Mise à pied conservatoire : quelles durée et conséquences pour le salarié ? 

La mise à pied conservatoire n’est pas sans conséquences pour le salariés. Elle vise à écarter le salarié de l’entreprise en attendant une décision définitive dans le cadre de la procédure de licenciement qui suit immédiatement un comportement jugé indésirable et grave pour l’entreprise. Corrélativement, la rémunération du salarié est suspendue jusqu’à la décision de licenciement.

Mise à pied conservatoire : quelle différence avec la mise à pied disciplinaire  ? 

Contrairement à la mise à pied disciplinaire, la mise à pied conservatoire n’est pas une sanction.

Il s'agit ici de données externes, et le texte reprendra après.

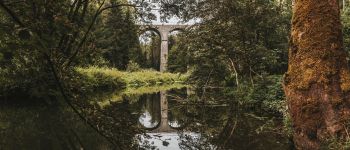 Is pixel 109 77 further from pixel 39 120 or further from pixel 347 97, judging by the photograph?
pixel 347 97

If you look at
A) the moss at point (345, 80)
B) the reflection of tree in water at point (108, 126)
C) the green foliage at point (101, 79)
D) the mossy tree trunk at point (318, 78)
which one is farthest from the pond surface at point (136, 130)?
the green foliage at point (101, 79)

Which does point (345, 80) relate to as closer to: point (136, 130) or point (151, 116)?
point (136, 130)

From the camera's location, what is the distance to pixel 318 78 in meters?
4.38

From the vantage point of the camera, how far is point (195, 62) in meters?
12.6

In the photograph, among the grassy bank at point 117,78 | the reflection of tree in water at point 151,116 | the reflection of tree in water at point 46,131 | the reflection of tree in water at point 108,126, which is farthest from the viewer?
the grassy bank at point 117,78

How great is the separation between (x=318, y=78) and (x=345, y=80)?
30cm

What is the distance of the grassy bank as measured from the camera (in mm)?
17188

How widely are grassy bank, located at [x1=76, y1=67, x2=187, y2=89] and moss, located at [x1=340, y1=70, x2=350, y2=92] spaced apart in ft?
25.4

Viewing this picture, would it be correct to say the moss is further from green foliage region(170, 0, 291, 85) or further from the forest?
green foliage region(170, 0, 291, 85)

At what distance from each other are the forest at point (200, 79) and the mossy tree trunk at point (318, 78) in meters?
0.01

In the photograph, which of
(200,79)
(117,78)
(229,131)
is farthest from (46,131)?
(117,78)

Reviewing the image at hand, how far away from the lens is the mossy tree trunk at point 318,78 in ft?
13.8

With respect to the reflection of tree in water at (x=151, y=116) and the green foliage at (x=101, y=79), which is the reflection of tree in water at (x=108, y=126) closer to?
the reflection of tree in water at (x=151, y=116)

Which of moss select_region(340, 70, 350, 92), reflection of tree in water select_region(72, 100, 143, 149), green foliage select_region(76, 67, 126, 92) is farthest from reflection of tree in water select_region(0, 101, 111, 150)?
green foliage select_region(76, 67, 126, 92) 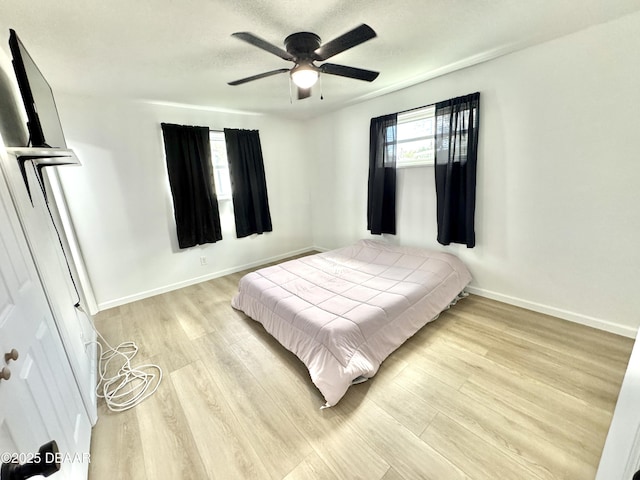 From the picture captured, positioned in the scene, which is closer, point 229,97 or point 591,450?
point 591,450

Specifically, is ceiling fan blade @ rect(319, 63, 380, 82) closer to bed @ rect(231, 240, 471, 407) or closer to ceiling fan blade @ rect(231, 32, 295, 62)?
ceiling fan blade @ rect(231, 32, 295, 62)

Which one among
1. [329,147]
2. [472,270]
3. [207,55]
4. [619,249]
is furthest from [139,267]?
[619,249]

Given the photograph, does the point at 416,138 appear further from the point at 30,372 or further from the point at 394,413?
the point at 30,372

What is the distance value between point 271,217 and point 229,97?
1.82 m

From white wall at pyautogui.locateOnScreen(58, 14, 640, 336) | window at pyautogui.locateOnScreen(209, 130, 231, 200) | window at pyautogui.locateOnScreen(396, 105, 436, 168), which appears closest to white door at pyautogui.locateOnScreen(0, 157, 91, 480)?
white wall at pyautogui.locateOnScreen(58, 14, 640, 336)

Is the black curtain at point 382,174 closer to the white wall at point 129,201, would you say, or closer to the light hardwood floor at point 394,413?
the light hardwood floor at point 394,413

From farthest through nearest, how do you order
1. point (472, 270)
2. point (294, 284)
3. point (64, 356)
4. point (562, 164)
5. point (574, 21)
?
point (472, 270), point (294, 284), point (562, 164), point (574, 21), point (64, 356)

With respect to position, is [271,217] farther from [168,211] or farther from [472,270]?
[472,270]

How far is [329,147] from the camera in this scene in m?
4.11

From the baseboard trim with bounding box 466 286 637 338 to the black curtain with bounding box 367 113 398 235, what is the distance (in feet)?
4.18

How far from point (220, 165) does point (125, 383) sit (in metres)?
2.76

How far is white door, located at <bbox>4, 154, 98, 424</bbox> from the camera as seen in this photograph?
4.23ft

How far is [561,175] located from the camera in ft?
7.13

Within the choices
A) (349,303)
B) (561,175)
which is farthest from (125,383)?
(561,175) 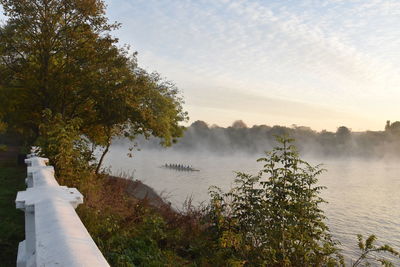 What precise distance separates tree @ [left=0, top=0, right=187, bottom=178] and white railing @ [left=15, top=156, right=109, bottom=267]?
532 inches

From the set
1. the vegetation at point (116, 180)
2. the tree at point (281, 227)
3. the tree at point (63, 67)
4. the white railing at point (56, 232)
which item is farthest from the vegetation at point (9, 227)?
the tree at point (63, 67)

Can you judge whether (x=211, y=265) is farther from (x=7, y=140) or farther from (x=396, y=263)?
(x=7, y=140)

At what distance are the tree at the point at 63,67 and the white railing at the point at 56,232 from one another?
44.4 ft

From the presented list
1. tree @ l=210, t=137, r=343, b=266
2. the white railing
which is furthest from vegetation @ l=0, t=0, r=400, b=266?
the white railing

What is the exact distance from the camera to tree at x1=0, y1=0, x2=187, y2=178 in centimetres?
1722

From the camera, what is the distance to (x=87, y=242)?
2164 millimetres

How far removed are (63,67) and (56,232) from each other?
18.0 metres

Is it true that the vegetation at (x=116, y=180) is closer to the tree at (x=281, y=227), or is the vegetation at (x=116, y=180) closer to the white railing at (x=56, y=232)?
the tree at (x=281, y=227)

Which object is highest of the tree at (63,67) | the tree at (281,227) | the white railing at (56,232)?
the tree at (63,67)

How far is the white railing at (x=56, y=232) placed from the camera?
1881mm

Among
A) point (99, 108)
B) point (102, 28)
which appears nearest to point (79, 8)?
point (102, 28)

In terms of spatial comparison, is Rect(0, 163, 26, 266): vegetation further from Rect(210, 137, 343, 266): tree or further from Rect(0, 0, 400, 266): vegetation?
Rect(210, 137, 343, 266): tree

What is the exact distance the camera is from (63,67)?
724 inches

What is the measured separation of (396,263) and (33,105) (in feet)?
67.8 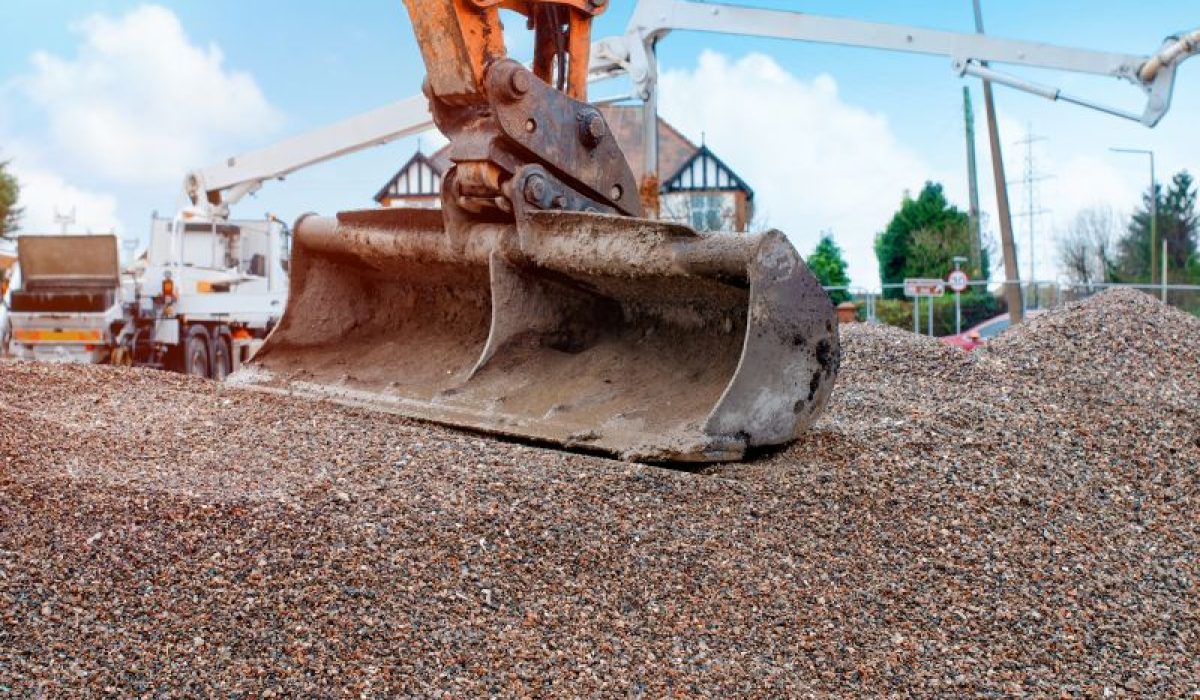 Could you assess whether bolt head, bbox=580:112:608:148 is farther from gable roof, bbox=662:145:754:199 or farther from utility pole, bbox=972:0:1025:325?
gable roof, bbox=662:145:754:199

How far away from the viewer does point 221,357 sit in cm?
1557

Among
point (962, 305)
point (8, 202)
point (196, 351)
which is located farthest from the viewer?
point (8, 202)

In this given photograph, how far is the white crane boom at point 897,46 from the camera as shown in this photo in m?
13.8

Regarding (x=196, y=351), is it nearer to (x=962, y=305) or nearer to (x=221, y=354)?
(x=221, y=354)

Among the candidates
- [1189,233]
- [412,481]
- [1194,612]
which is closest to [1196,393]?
[1194,612]

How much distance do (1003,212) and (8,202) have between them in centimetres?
2834

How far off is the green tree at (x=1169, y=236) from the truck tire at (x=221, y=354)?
23035 millimetres

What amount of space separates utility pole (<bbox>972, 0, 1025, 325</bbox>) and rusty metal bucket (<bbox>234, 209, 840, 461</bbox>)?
45.0ft

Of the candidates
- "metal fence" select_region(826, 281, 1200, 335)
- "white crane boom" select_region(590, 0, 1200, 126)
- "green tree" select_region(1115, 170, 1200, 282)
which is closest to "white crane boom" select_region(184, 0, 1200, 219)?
"white crane boom" select_region(590, 0, 1200, 126)

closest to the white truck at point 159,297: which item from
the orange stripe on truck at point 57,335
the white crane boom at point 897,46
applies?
the orange stripe on truck at point 57,335

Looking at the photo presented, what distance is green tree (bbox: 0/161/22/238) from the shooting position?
35344mm

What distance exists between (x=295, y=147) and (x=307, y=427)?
10454mm

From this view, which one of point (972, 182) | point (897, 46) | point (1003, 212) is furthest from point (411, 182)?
point (897, 46)

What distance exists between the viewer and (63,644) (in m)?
3.14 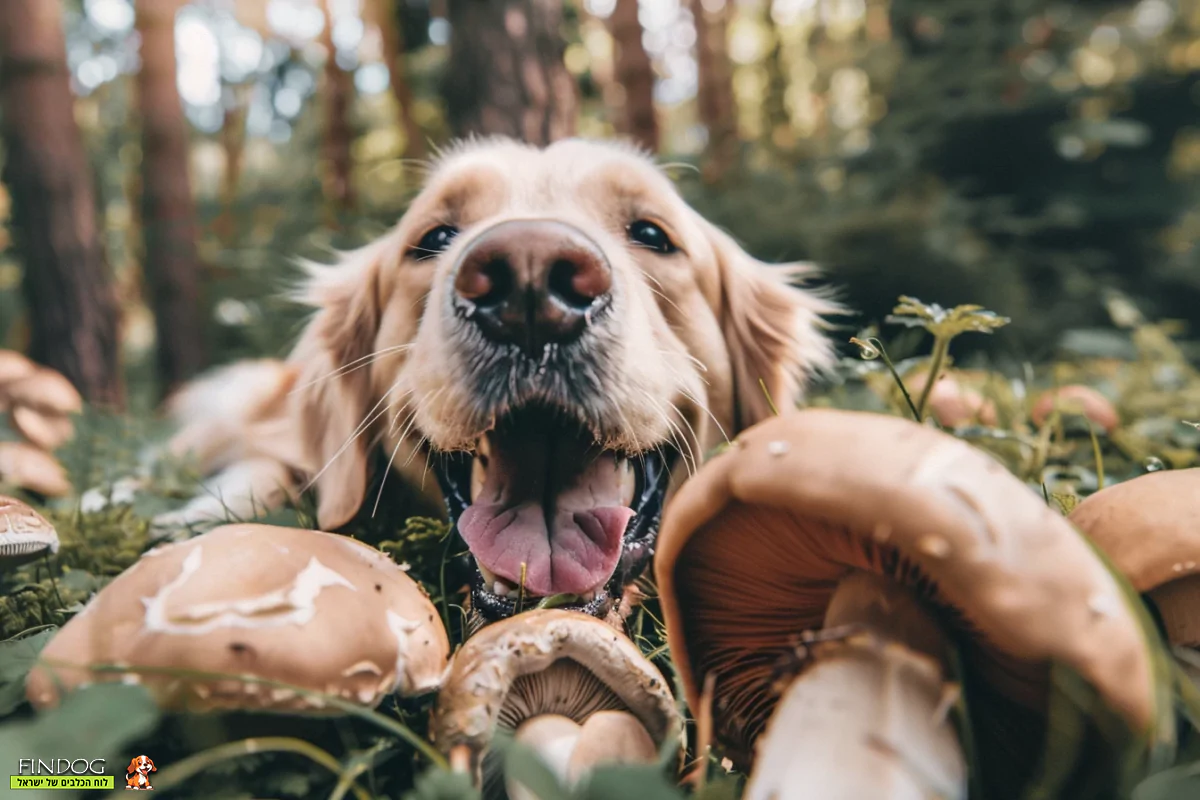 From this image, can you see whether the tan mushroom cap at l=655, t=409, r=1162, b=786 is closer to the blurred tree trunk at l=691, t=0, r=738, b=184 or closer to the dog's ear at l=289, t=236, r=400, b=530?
the dog's ear at l=289, t=236, r=400, b=530

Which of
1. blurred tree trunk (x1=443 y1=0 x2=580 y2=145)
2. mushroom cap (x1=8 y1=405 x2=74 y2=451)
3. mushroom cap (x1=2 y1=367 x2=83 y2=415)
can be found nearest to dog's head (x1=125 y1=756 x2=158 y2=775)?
mushroom cap (x1=8 y1=405 x2=74 y2=451)

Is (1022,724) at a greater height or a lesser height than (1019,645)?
lesser

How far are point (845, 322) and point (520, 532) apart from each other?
483cm

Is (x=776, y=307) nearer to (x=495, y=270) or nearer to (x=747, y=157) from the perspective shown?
(x=495, y=270)

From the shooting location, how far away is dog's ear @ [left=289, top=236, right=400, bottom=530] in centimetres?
223

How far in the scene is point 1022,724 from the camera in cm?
112

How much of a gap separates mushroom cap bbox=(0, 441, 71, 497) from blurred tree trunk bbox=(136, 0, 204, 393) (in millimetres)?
5098

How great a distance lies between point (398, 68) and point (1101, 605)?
400 inches

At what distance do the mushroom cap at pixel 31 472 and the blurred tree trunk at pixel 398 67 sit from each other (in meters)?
6.48

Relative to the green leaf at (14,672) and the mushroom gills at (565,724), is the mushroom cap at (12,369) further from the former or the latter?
the mushroom gills at (565,724)

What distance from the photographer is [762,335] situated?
2543 mm

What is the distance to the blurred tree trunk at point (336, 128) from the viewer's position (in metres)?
9.92

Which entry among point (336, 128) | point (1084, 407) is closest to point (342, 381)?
point (1084, 407)

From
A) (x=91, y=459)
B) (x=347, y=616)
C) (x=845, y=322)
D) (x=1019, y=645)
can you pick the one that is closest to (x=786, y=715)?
(x=1019, y=645) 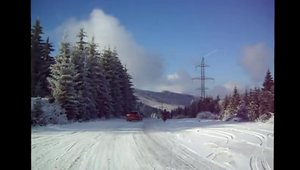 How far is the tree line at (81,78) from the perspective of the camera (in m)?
3.22

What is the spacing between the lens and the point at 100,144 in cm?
317

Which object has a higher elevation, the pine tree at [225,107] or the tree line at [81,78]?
the tree line at [81,78]

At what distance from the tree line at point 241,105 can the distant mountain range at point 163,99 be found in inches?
2.0

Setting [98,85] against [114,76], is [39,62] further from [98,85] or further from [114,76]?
[114,76]

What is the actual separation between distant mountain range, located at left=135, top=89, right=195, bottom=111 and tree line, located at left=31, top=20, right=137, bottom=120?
10cm

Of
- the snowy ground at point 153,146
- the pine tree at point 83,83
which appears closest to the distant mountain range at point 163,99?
the snowy ground at point 153,146

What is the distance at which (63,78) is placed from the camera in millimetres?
3256

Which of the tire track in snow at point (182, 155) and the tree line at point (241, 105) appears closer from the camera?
the tire track in snow at point (182, 155)

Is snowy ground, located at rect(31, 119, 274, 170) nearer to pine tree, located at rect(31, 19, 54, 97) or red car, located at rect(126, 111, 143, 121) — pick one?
red car, located at rect(126, 111, 143, 121)

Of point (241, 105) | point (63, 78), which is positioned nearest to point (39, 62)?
point (63, 78)

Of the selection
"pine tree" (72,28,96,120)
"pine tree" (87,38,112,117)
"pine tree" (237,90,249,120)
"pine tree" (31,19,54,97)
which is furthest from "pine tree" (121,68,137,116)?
"pine tree" (237,90,249,120)

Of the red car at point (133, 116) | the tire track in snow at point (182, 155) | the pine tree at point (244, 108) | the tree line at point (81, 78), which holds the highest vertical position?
the tree line at point (81, 78)

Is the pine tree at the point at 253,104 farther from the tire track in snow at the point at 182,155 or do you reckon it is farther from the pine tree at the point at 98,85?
the pine tree at the point at 98,85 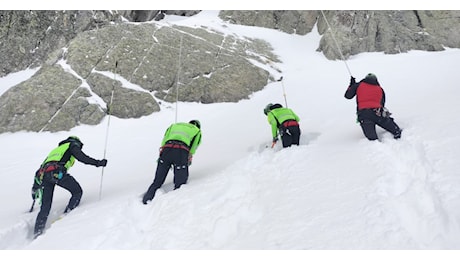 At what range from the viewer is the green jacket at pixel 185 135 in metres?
→ 7.29

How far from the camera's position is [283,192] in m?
5.57

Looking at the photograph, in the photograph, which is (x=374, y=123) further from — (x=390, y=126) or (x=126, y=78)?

C’est une mesure de précaution qui doit permettre à l’entreprise de se protéger d’un salarié que l’entreprise juge « indésirable » en raison d’un comportement jugé suffisamment grave.  

Suivant l’article  L. 1332-3 du Code du travail : « Lorsque les faits reprochés au salarié rendent indispensable une mesure conservatoire de mise à pied à effet immédiat, aucune sanction définitive

relative à ces faits ne peut être prise sans que la procédure prévue à l’article L. 1332-2 ait été respectée ».

Pour le dire autrement, la mise à pied conservatoire s’accompagne systématiquement d’une procédure de licenciement pour faute là où la mise à pied disciplinaire sanctionne le salarié pour quelques jours. 

Quelle est la durée maximale d’une mise à pied conservatoire ?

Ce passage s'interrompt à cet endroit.